The first year of attending a university is often linked to heavy alcohol and drug use among young adults. Trait mindfulness, meaning acting with awareness and in a purposeful and nonjudgmental way, is linked to reduction in risk of substance use in the broad population. However, effects of mindfulness in young adults are not as well known. A recent study observed facets of trait mindfulness among first year university students in Canada and observed the outcomes of drug and alcohol use.

In this study, college students took the Five Facet Mindfulness Questionnaire which measures mindfulness of an individual in five components: observing, describing, acting with awareness, nonjudging of inner experience, and nonreactivity to inner experience. They completed this questionnaire at the beginning and end of their first semester. They were also screened for mental health and harmful drinking or drug use behaviors.

The results showed that acting with awareness, nonjudging of inner experience, and nonreactivity to inner experience were related to decreased drug and alcohol use.

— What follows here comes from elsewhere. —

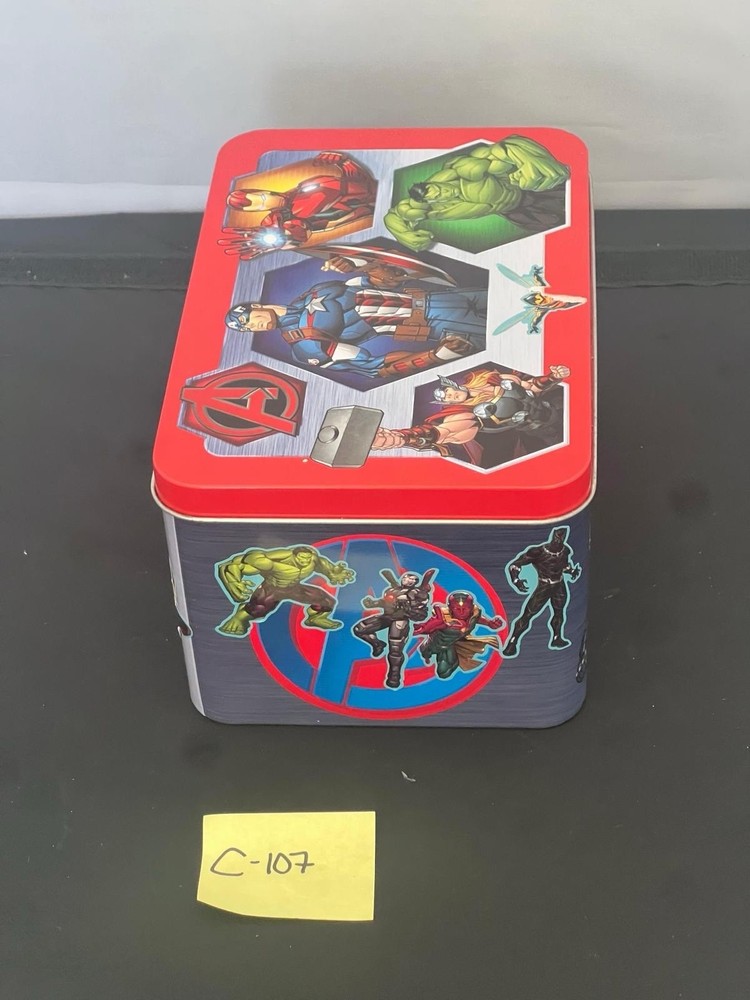 Marvel Avengers Tin Gift Box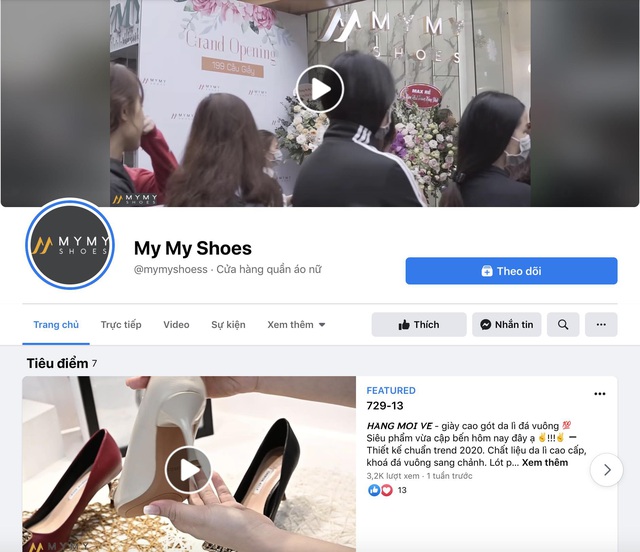 MYMYSHOES - Tự hào khi là chuỗi cửa hàng giày được phái nữ tin yêu - Ảnh 5.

Students having low levels of emotional psychopathology were also linked to higher trait mindfulness and therefore mediated the effect of mindfulness on drug and alcohol use.

Take Away: First year university students who exhibit mindfulness in that they act with awareness and in a nonreactive and nonjudgmental way towards themselves are less likely to engage in alcohol and drug use compared to other first year students.

Single, A., Bilevicius, E., Johnson, E.A., Keough, M.T. (2019). Specific Facets of Trait Mindfulness Reduce Risk for Alcohol and Drug Use Among First-Year Undergraduate Students. Mindfulness.